Read up on Strassen online (wikipedia has a good article, for example) and implement his algorithm using numpy. Your algorithm can assume $n=2^k$. Making Strassen work otherwise requires really messy memory management best left to C-type languages. Test correctness of your code on several random matrices by comparing your output to numpy ($A @ B$). To simplify things, you should work with integer matrices only (floating-point introduces rounding errors that we don’t want to deal with.)

Once you know it works, do some regression analysis on your original algorithm and Strassen and compare their running times. The easiest way to do this is in Python is with timeit.timeit. Here’s an example

import timeit

i = 4
A = np.random.randint(-10,10,(2**i, 2**i))
timeit.timeit('A@A', number=25, globals = globals())/25

The timeit function evaluates the first string argument. If the string references values defined elsewhere you need to pass in the current state of the python interpreter which is what the globals argument is for.
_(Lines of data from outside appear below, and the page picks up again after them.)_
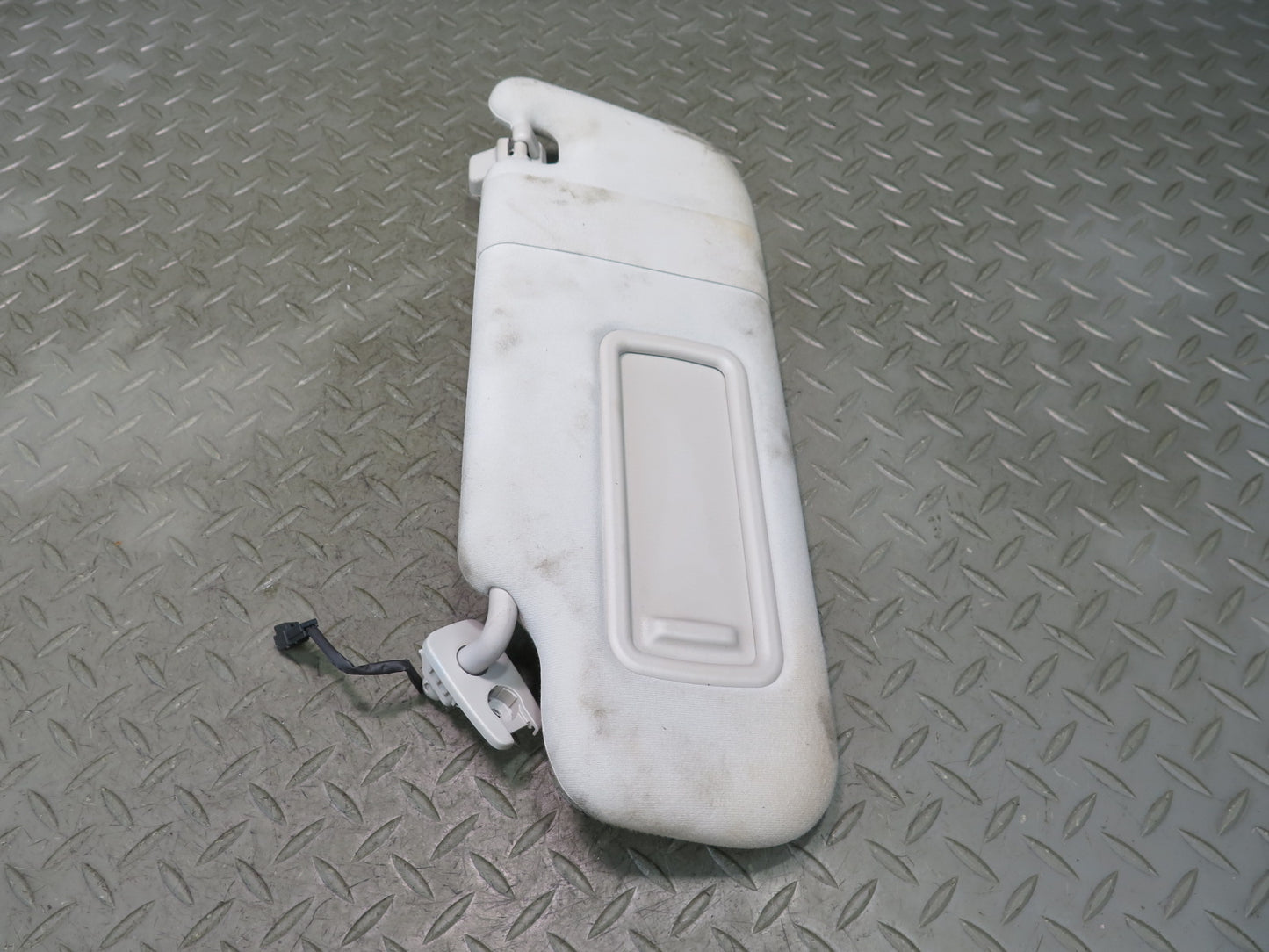 2017-2020 Maserati Levante M161 Front Left & Right Sun Visor Set of 2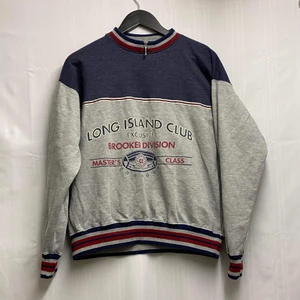 Vintage sweatshirt - En snygg vintage sweatshirt står ej storlek men skulle säga S/M, bra skick!
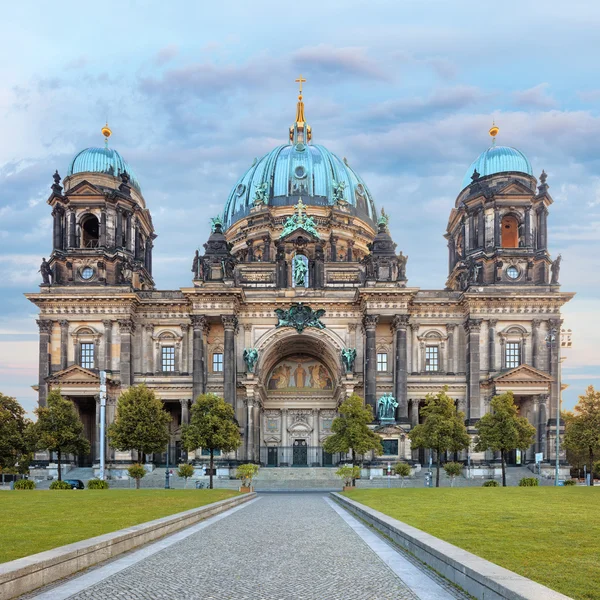 Головний фасад Berliner Домського собору — стокове фото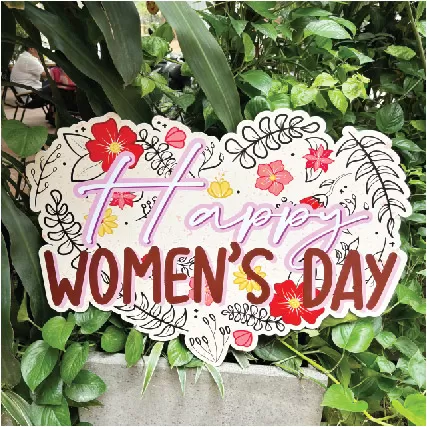 Biển treo trang trí quốc tế phụ nữ chất liệu focmex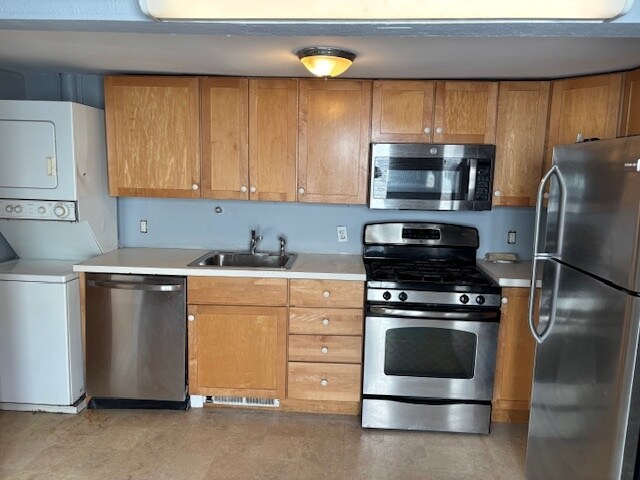 40 Union St, Unit #3 in Morrisville, PA - Foto de edificio - Building Photo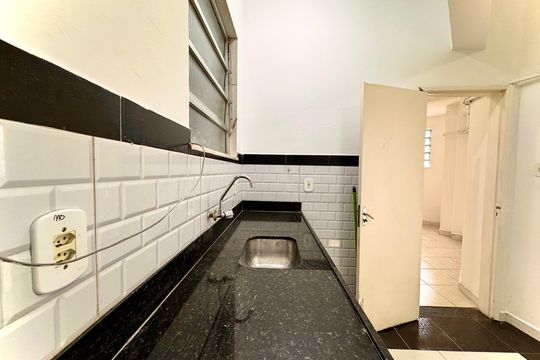 Apartamento à venda com 1 quarto, 83m² em Centro, Rio de Janeiro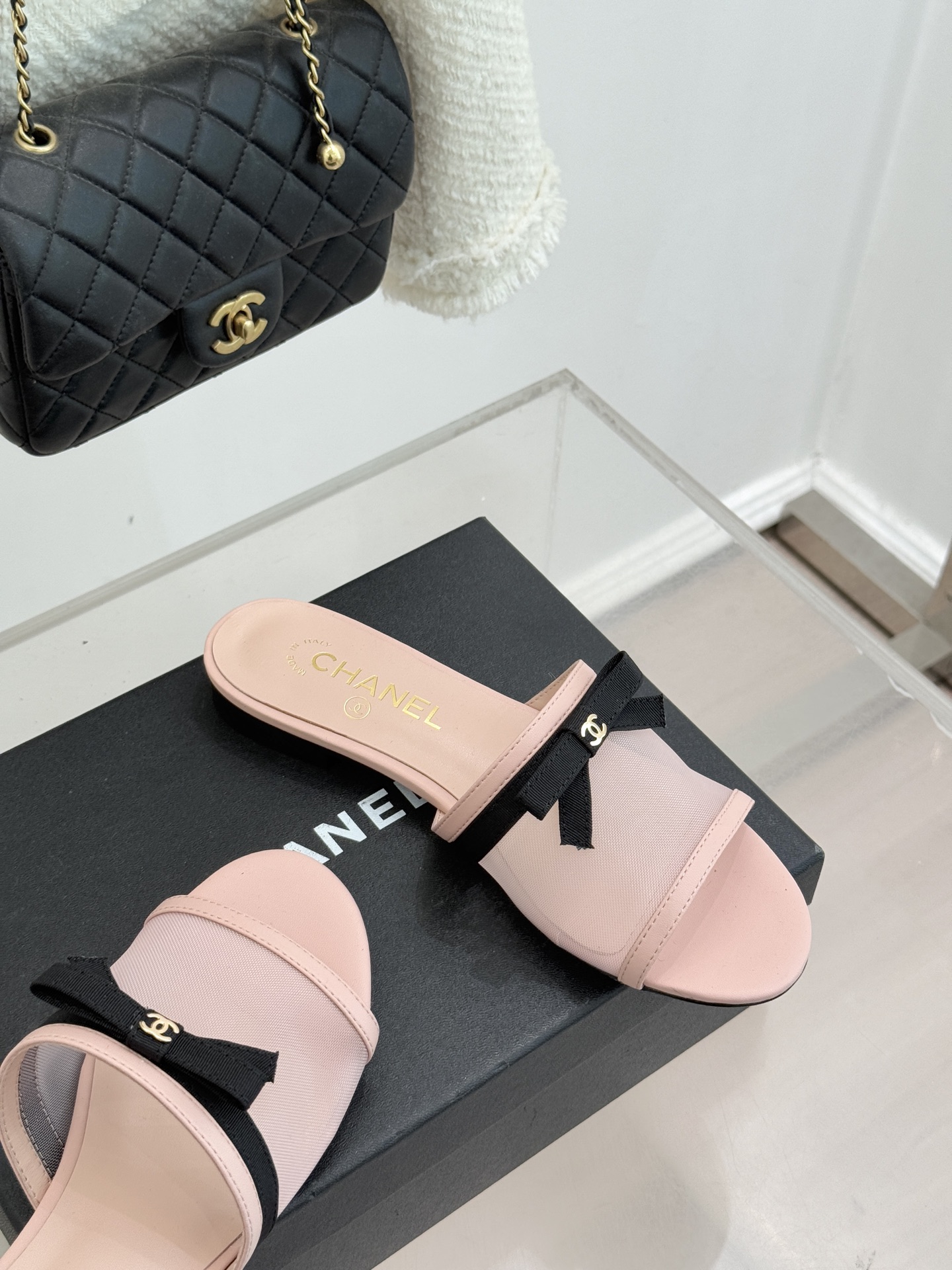 CHANE*｜小香26C新品网纱双C蝴蝶结拖鞋当小香经典符号邂逅26C夏日灵感这双拖鞋便成了奢雅与实穿的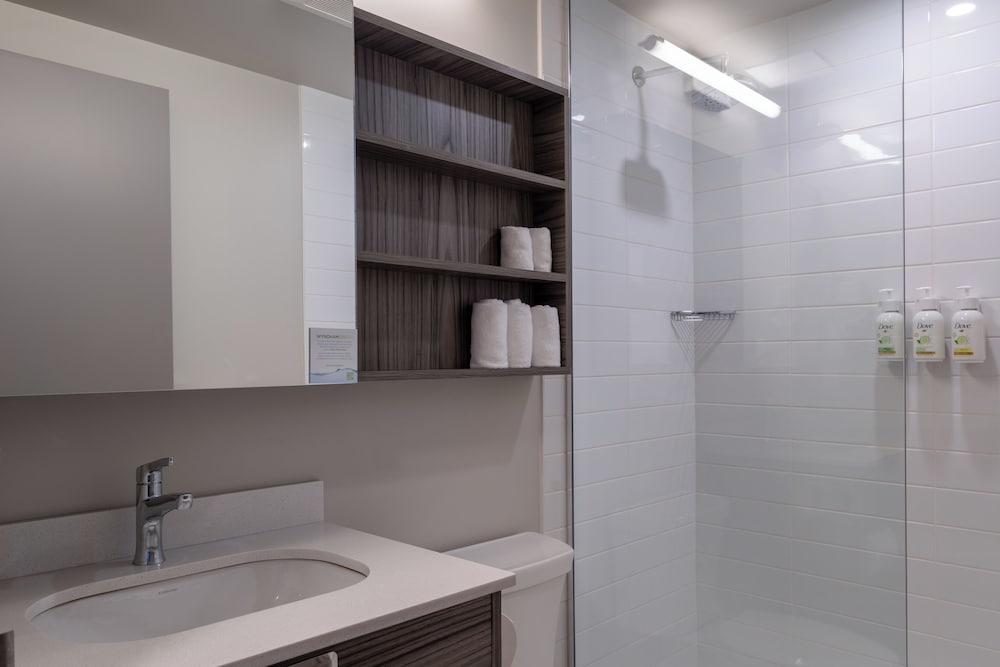 Фото Microtel Inn & Suites by Wyndham Kanata Ottawa West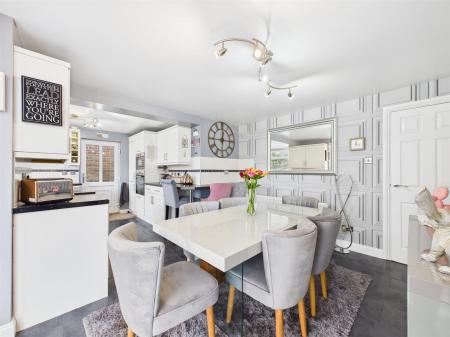 Open Plan Dining Kitchen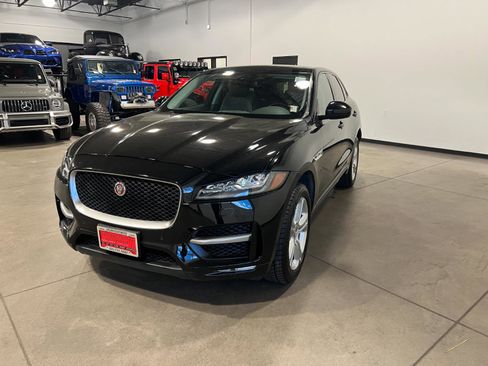 Used 2017 Jaguar F-PACE R-Sport AWD/4WD image 7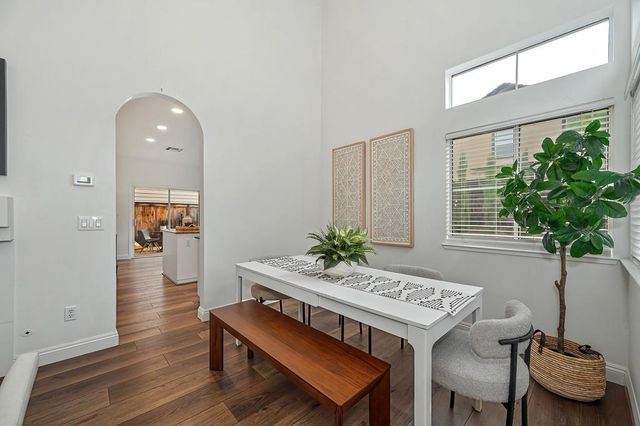 110 Royalton Cir, Folsom, CA 95630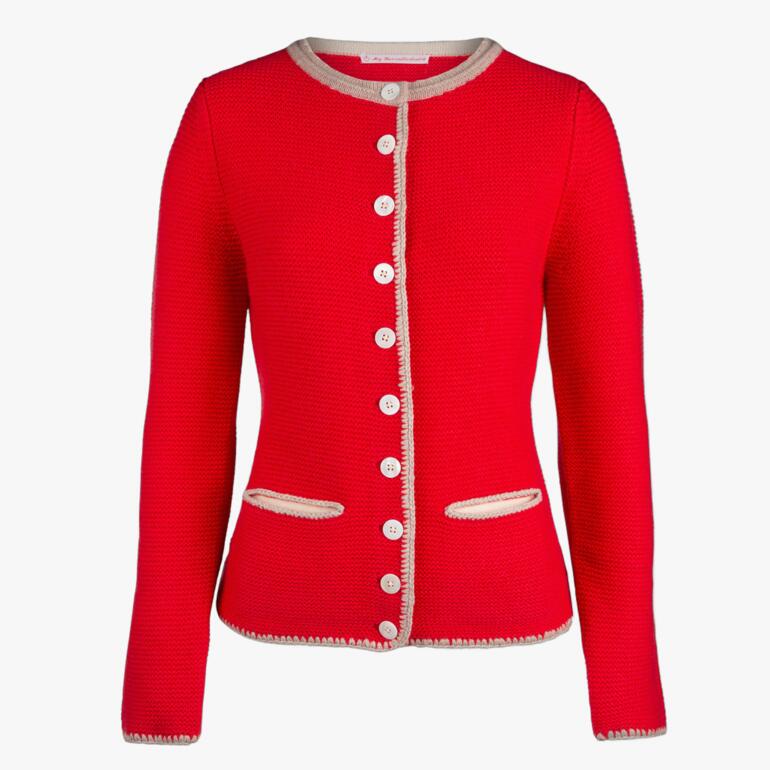 Vorderansicht eines roten Herzallerliebst-Jankers mit Knöpfen und Taschen.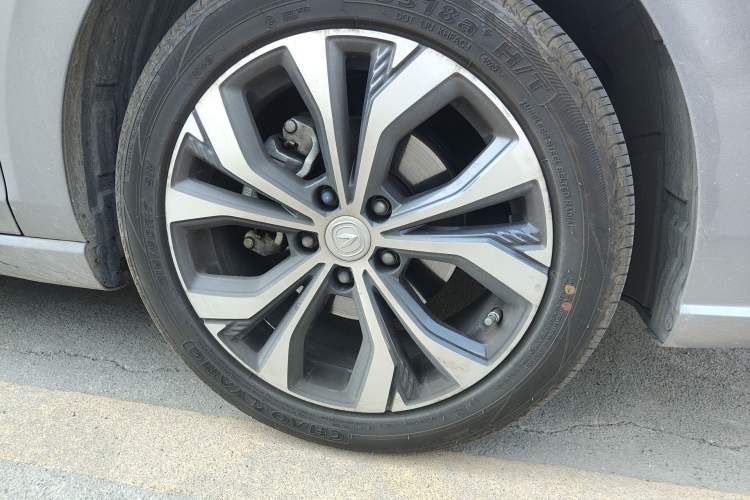 Used CHANGAN Eado 2021 PLUS Blue Whale NE 1.4T GDI DCT Flagship Model Right Front Wheel Hub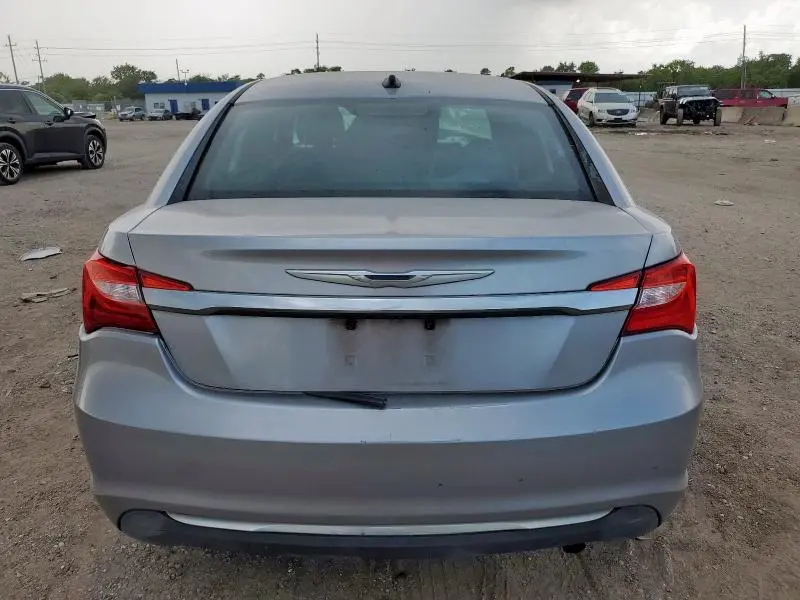 2014 CHRYSLER 200 LX  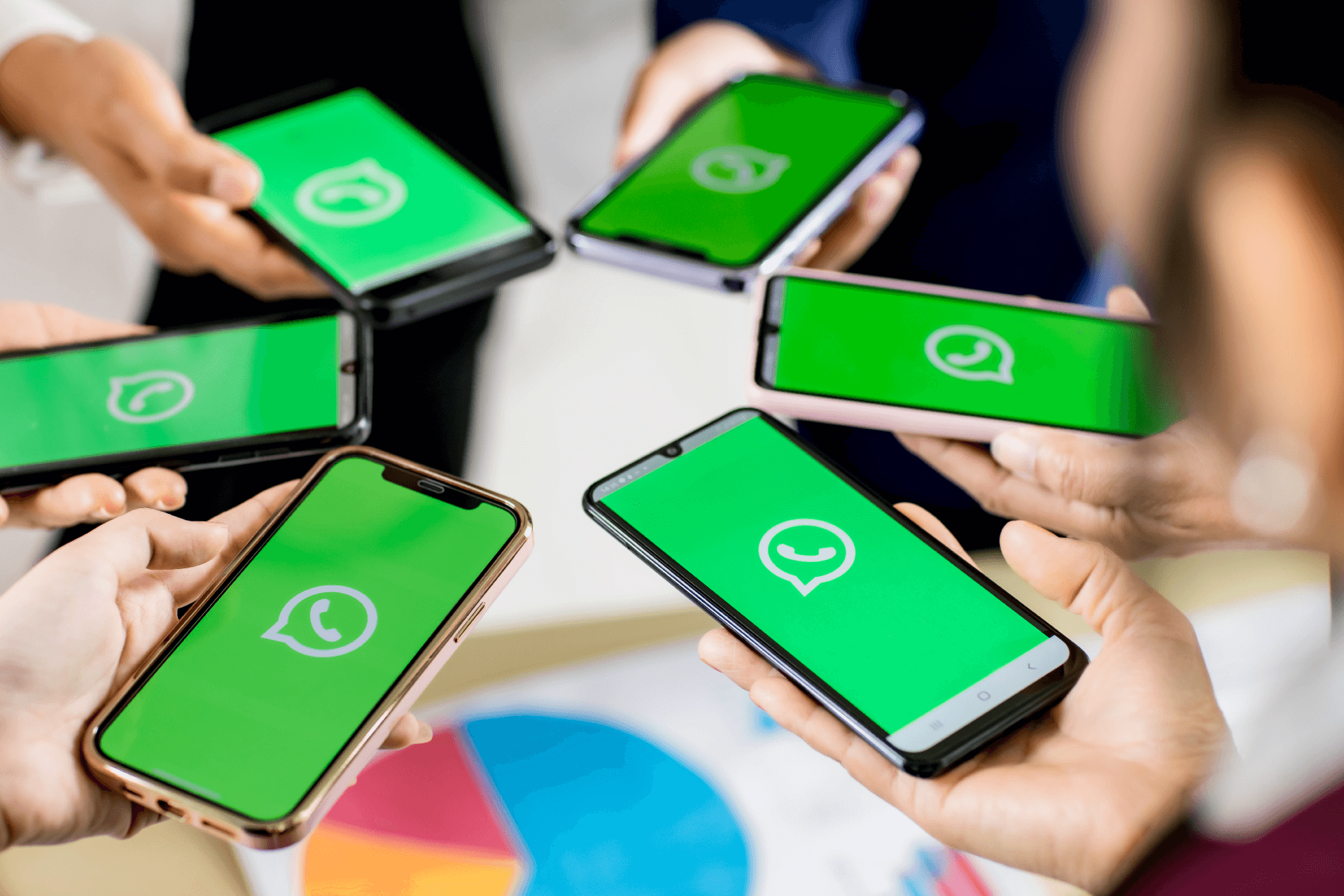 WhatsApp: canali, community e stato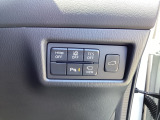 安全装置のスイッチは運転席パネル右下に集約されています。任意で切り替え可能なため状況に合わせてお使いください。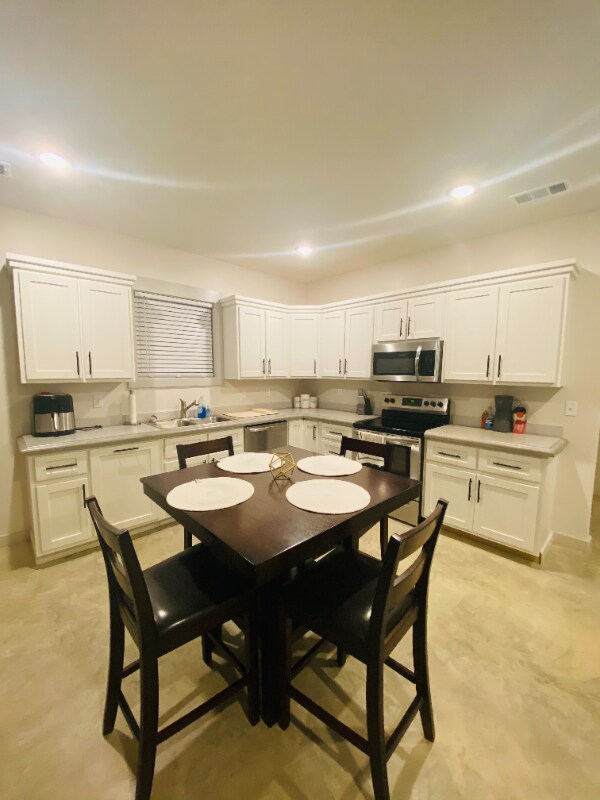 Building Photo - 4604 Wolf Run Trl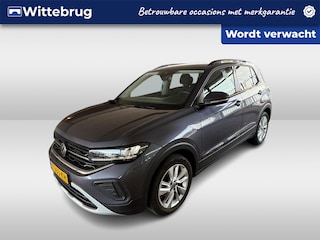 Volkswagen T-Cross 1.0 TSI Life Edition Achteruitrijcamera / App-Connect / Voorstoelen verwarmbaar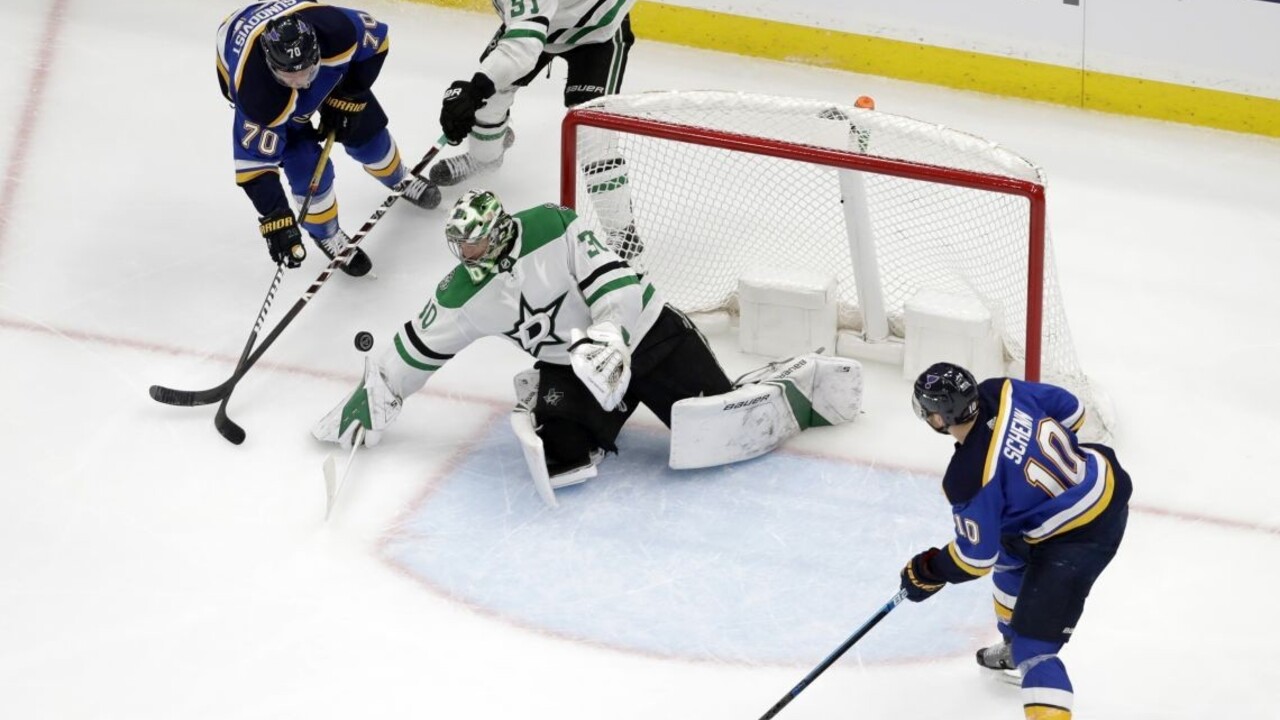 NHL: Boston proti Columbusu začal výhrou, darilo sa aj Blues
Note we divide by 25 to get an average time per operation. (Running times are usually very centrally distributed so you need not worry about outliers – the mean is a perfectly good measure of center.)

Warning – these algorithms run pretty quickly on $n=2^6$ or $n=2^7$ but after that become very slow. You will need to proceed judiciously but also gather enough data for a valid conclusion. (In my testing I let my Lenovo laptop run for about 30 minutes).

N.B.: Strassen is recursive and has a base case. Please use the base case $n=4$ and return A@B. This will ensure we have similar results.

Results

You should graph the averaged running times of Strassen and Naive multiplication on the same graph. Then perform an appropriate regression analysis to determine the respective orders of growth to prove Strassen is asymptotically faster. Support your conclusions with calculations and graphs. (See the Gaussian elimination lab for regression operations).

Finally, just for humility’s sake, print out a nicely formatted table comparing the above two algorithms with numpy’s built in multiply operation. (Don’t feel too bad, it’s using a compiled C library).